Given that the treatment of weight control in this book is so good, let's look at the few limitations.
First, since it is written from the perspective of health, there is really no treatment of performance or athletic nutrition, so athletes interested in weight control may be able to use these principles but they will not be able to rely on this book for their complete nutritional program.
Second, a related limitation is that the treatment regarding exercise is rather weak compared to the treatment of nutrition. Guidelines for walking and moderate activity are emphasized particularly for weight maintenance where they are most effective, rather than weight loss. The Volumetric approach is consistent with the trainer's dictum "you can't out-train a bad diet." Only a competitive endurance athlete and few extremes of that sort can hope to move so much that they burn off an energy-dense diet. So the principles of weight loss emphasize calorie restriction and satiety rather than exercise. As Volumetrics explains, exercise becomes important in three ways for weight *maintenance* (rather than loss) however: (1) strength training builds lean mass which raises resting metabolism, so we don't need to restrict calories as much, and (2) activity itself is more successful at maintaining weight than losing it, once we have eating patterns that maintain a nearly stable weight, and (3) a good exercise program is extremely effective at increasing our sense of self-efficacy, which leads to compliance and success in other habits as well. The limitation is that the book offers no help in what makes a good exercise program effective in these ways. It is not a book about exercise. High intensity exercise is mentioned as possibly even more useful for people who can tolerate it. I think this aspect is very important and should have been discussed a bit more. However it is a large book with a lot of details on its core principles, and exercise is really just a secondary concern to the authors.
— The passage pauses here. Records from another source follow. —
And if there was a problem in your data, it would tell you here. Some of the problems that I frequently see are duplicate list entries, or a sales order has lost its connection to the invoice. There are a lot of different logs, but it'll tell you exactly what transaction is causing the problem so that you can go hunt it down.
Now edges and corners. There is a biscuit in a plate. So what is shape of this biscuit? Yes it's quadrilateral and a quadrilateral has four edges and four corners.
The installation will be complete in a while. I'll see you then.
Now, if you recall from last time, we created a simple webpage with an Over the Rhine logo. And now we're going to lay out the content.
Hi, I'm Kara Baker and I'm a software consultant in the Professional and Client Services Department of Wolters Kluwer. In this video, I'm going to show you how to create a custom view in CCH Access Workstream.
Third, there is really very little discussion of popular principles that just aren't effective or those that possibly might be useful. The authors explain that most diets succeed in the short term because of various kinds of boredom and appetite suppression rather than because they are sound eating patterns. And they explain why adequate protein is important but more than that is not particularly helpful in the long run for weight control. But all of the rest of the tactics are left pretty much untouched. It would have been useful for some of the more intriguing ones to have been addressed, such as intermittent fasting.
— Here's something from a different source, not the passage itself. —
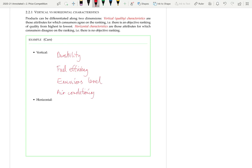For horizontal characteristics of cars, an obvious one is color — people have different favorite colors. There's also manual versus automatic transmission, where some people prefer manual and some prefer automatic. Shape or styling has no objective measure, and size also varies: some people prefer a smaller car for maneuvering in a city, while others prefer a larger car for space. One could argue everyone prefers bigger inside but smaller outside, but since that's not possible, size is treated as a horizontal characteristic.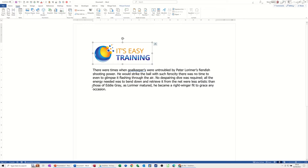Hi guys, welcome to this session in Microsoft Word. In this module I want to show you how you can get this logo onto your screen very quickly with AutoText.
Fourth, the thoroughness of the book will also be its downfall for some less patient readers used to reading web pages rather than books. This is a real book, not a pamphlet. It doesn't give you a condensed program in abstract form in the first few pages, you have to read the book and digest its lessons in order to get its full education and apply them effectively and flexibly. That's the whole point of the program, at least from my perspective, that deeper knowledge of the principles will help you with lifelong better eating.
All in all, I'd say this is the best single book on general principles of lifelong nutrition for weight control, it is detailed, comprehensive, and authoritative, and the program is practical, flexible, and sustainable. I'd venture so far as to say that other programs probably succeed or fail largely on how well they apply the sound principles behind Volumetrics.